Femmes au Mali victimes de l’orpaillage artisanal face à la précarité
femmes dans une mine artisanale au Mali

L’effondrement survenu récemment à Kéniéty, dans le cercle de Kéniéba, a coûté la vie à six femmes piégées sous les décombres d’une mine artisanale. Ce drame, loin d’être isolé, révèle une réalité alarmante : la pauvreté extrême qui pousse les mères de famille à risquer leur vie chaque jour pour assurer la survie de leurs proches.

Des vies sacrifiées par nécessité

Dans les régions minières du Mali, notamment autour de Kayes, des femmes endurent des conditions de travail inhumaines par désespoir. Affrontant des journées de plus de douze heures sous un soleil écrasant, elles extraient de l’or artisanal dans des chantiers instables, souvent sans équipement de protection. Leur objectif ? Nourrir leurs enfants et payer les frais scolaires, malgré des revenus dérisoires.

Les sites miniers, déjà dangereux, réservent les zones les plus risquées aux femmes.

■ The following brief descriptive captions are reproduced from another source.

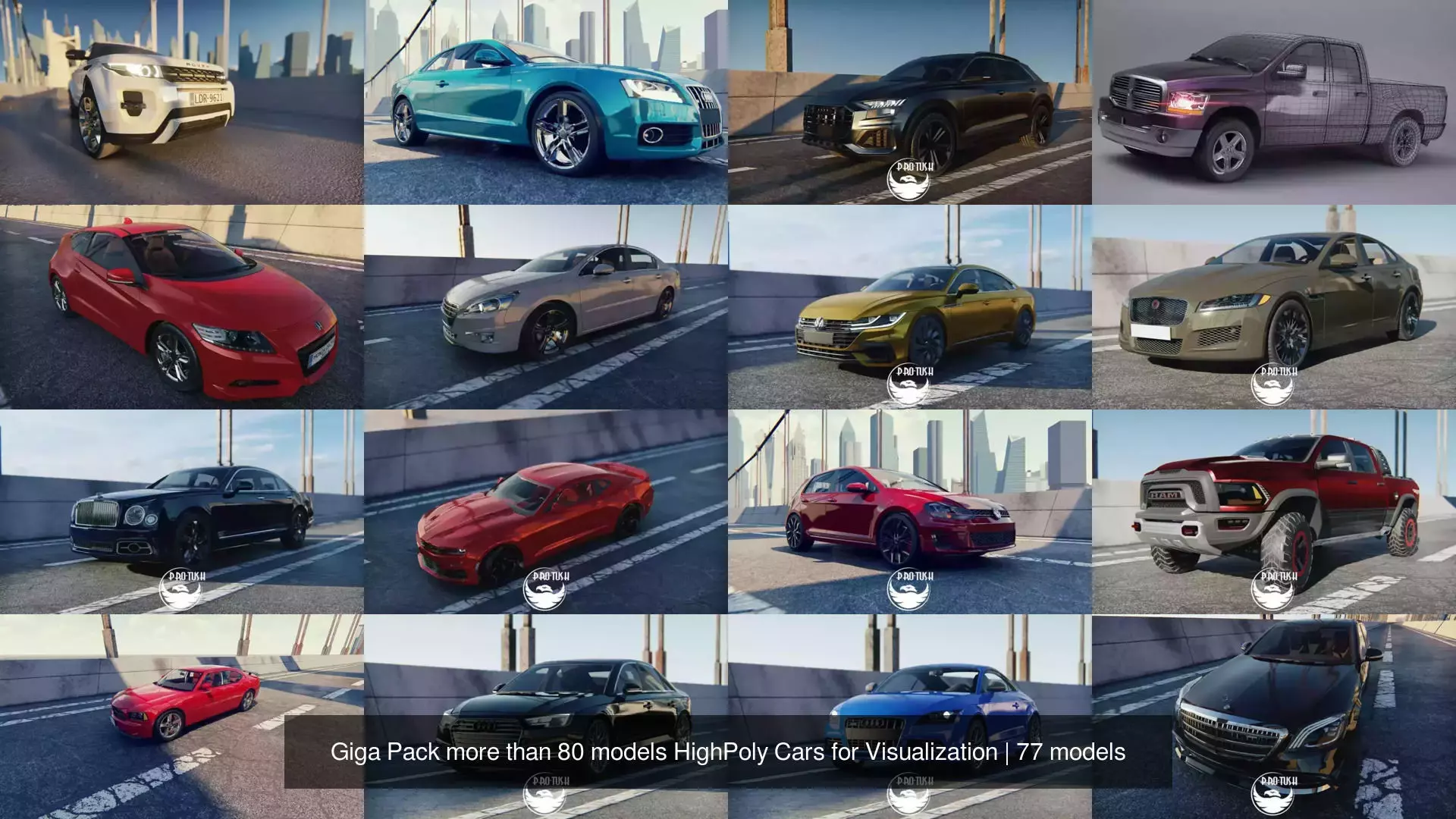 Giga Pack more than 80 models HighPoly Cars for Visualization 3D Model Collection_3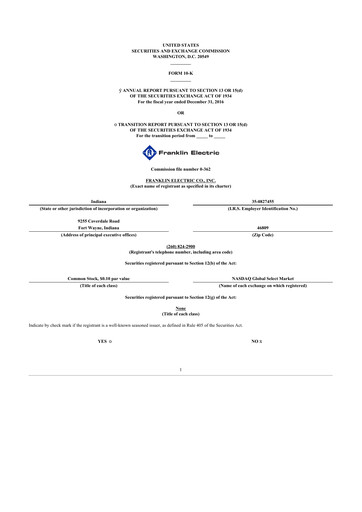 Thumbnail Franklin Electric
 10-K Annual Report 2016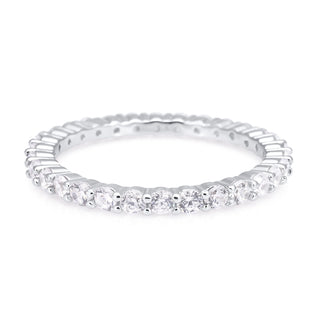 Sterling Silver Eternity ring adorned with Zircons mounted on claws all around the ring by Gexist®
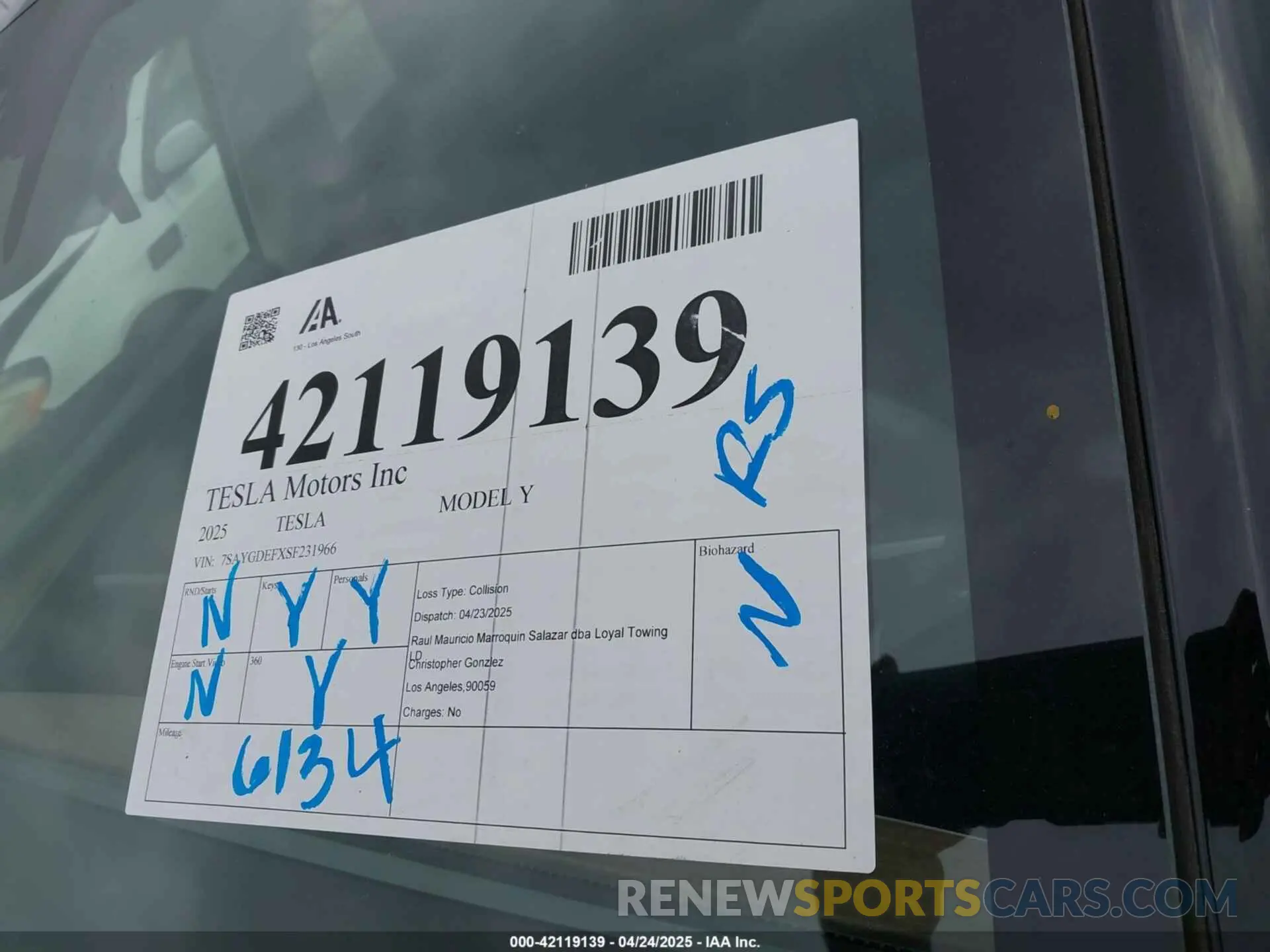 20 Photograph of a damaged car 7SAYGDEFXSF231966 TESLA MODEL Y 2025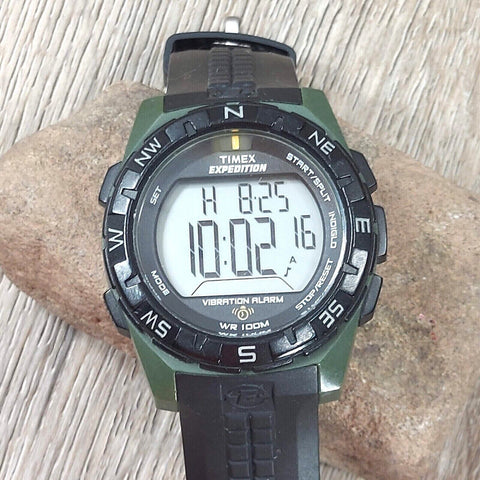 Men's Timex Expedition Compass  Indiglo Digital Watch W/Settings Elastic Band WR
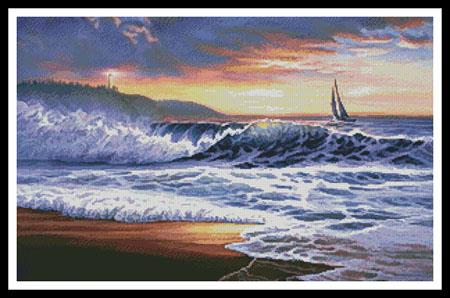 Beach Sunset Lighthouse - Artecy Cross Stitch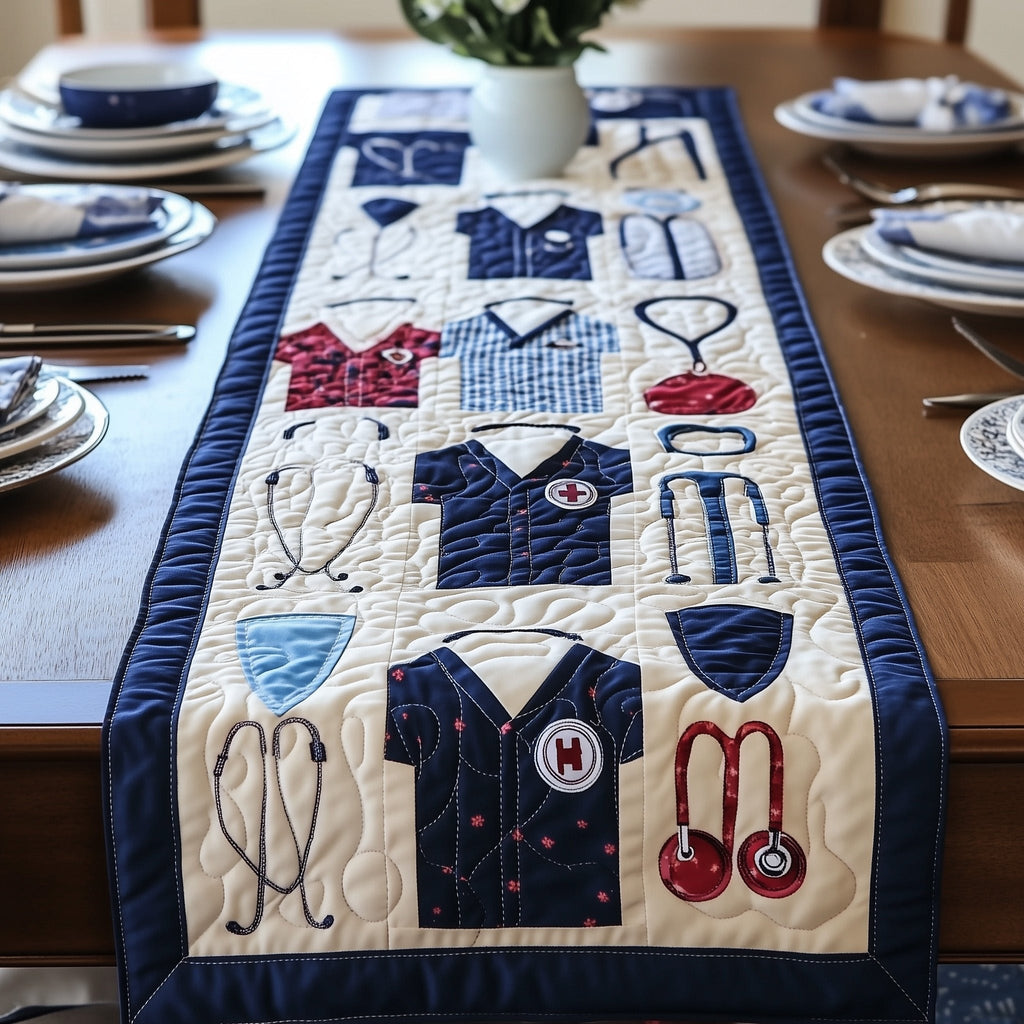 Nurse Uniforms and Stethoscope Rows Table Runner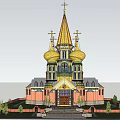 Historic Ancient Architecture With Golden Domes Spire Pink Walls Lawn And Steps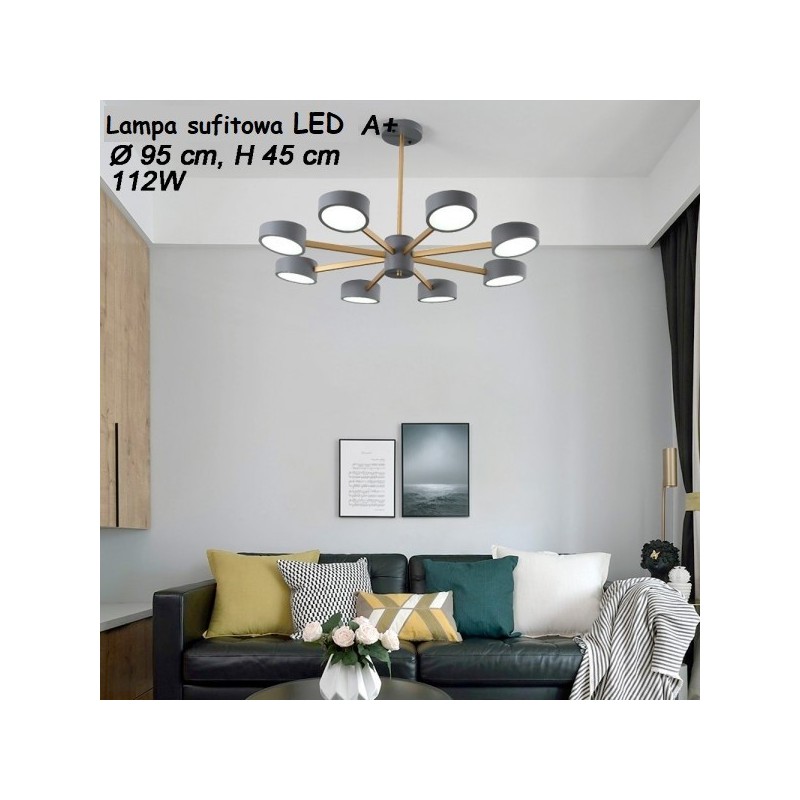 Szara lampa sufitowa do jadalni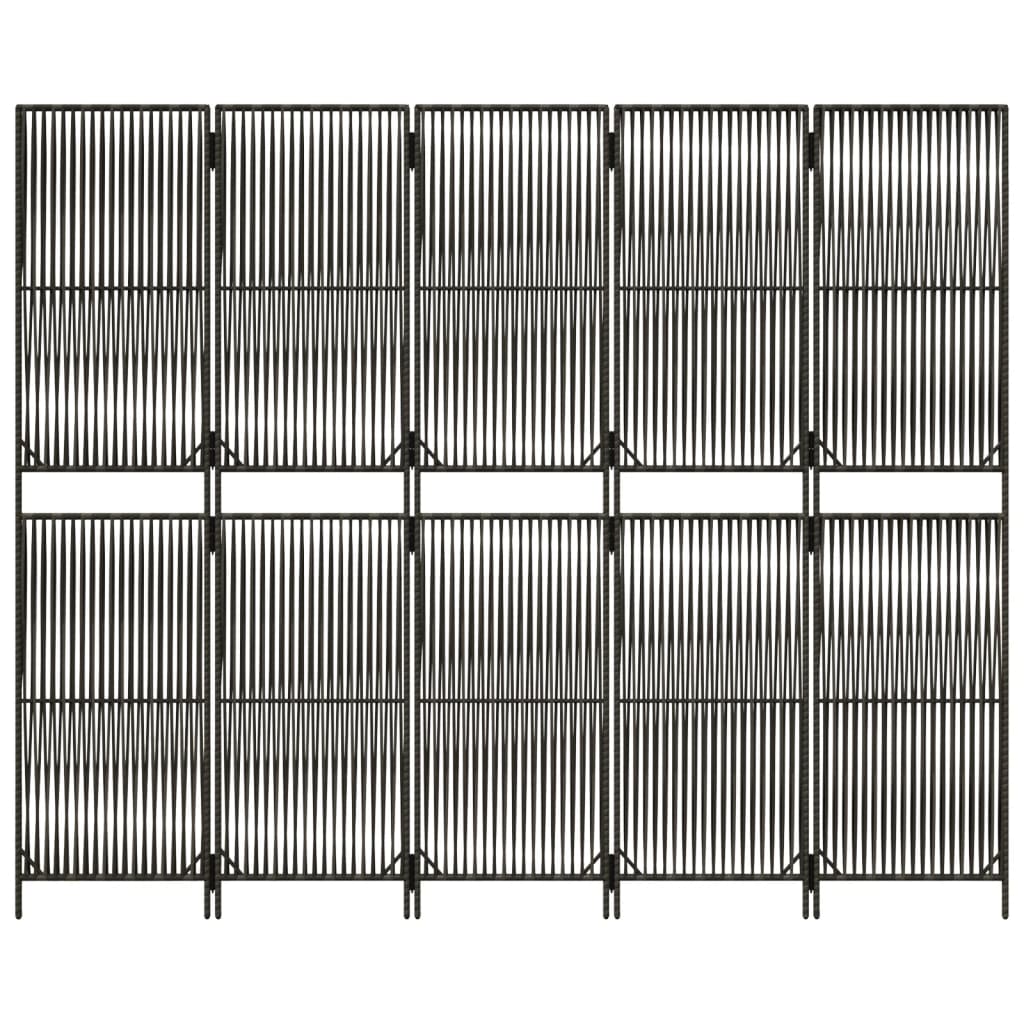 vidaXL Separator de cameră cu 5 panouri, gri, poliratan vidaXL Separator de cameră cu 5 panouri, gri, poliratan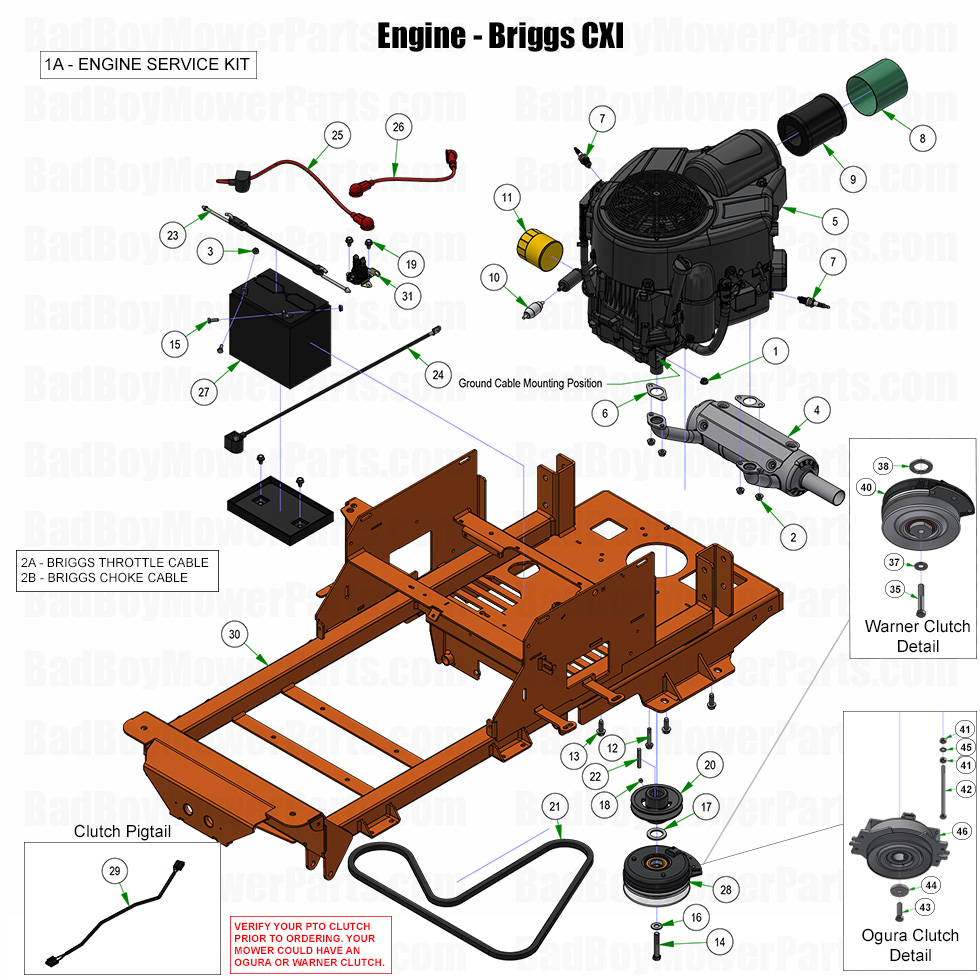 3729 - Bad Boy Mower Parts Lookup > 2025 > Maverick > Engine - Briggs CXI
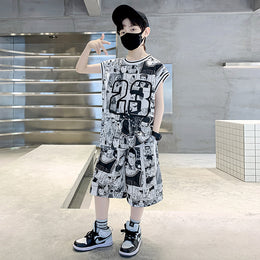 Boys Printed T-shirt with Shorts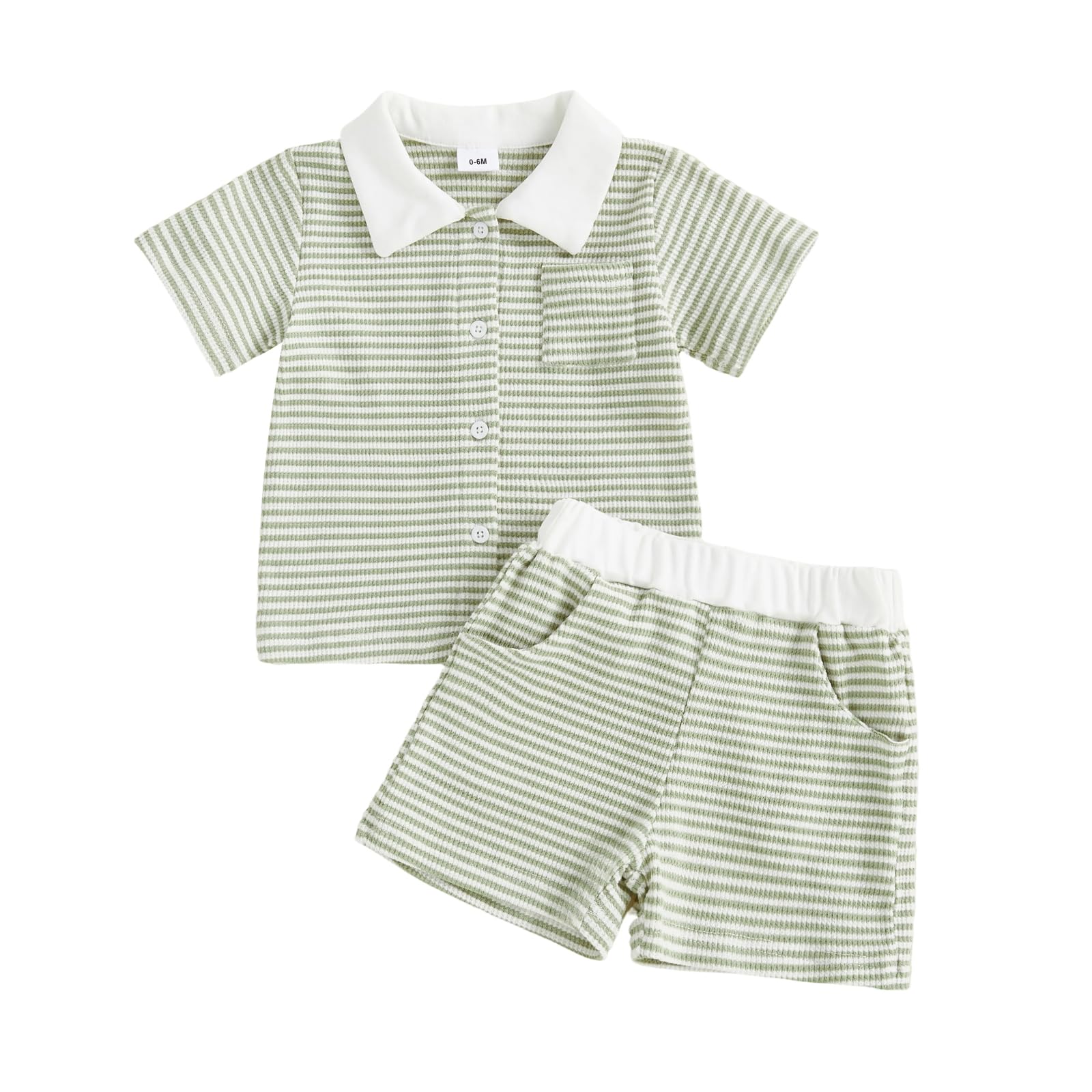 Baby Toddler Boy Clothes Striped Button Down Shirt Tops + Elastic Waist Shorts Infant Boys Summer Outfits 2PCS Sets
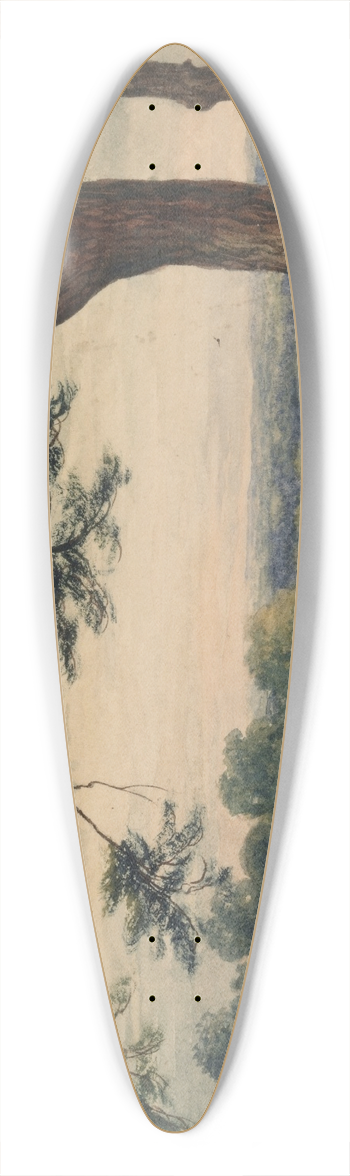 Bartholomew Colles Watkins - A Hill near Esher, Surrey 39.3 inch art pintail longboard deck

Privées d’accès aux galeries les plus rentables, elles se voient contraintes de travailler dans des fosses abandonnées ou des anciennes mines jugées trop instables. Ces zones, laissées à l’abandon par les exploitants, deviennent des pièges mortels dès que les parois s’effondrent sous l’effet de l’érosion.

Un quotidien marqué par la vulnérabilité et l’exploitation

Les risques ne se limitent pas aux éboulements. La précarité de ces femmes les expose à des produits toxiques comme le mercure, causant des maladies chroniques. Leur situation de vulnérabilité les rend également vulnérables aux violences et aux abus sur les sites miniers.

L’accident de Kéniéty, où six femmes dont deux épouses ont péri, illustre tragiquement ce cycle infernal. En grattant les parois d’une ancienne mine, elles ont été prises sous un éboulement soudain. Malgré l’intervention des secours, la terre a eu raison de leurs efforts.

Vers des solutions durables pour briser le cycle

Pour les habitants de Dialafara, la gestion des sites miniers après exploitation est devenue un enjeu crucial. Les entreprises quittent souvent la région en laissant des cratères dangereux, incitant les populations les plus pauvres à s’y aventurer. Le remblayage de ces sites est désormais une priorité pour éviter de nouveaux drames.

Au-delà de la sécurisation des infrastructures, la véritable solution réside dans l’autonomisation économique des femmes. Les autorités doivent renforcer les programmes d’accompagnement pour les orienter vers des activités génératrices de revenus. Sans alternatives viables au commerce de l’or, la pauvreté continuera de condamner ces femmes à risquer leur vie dans les entrailles de la terre malienne.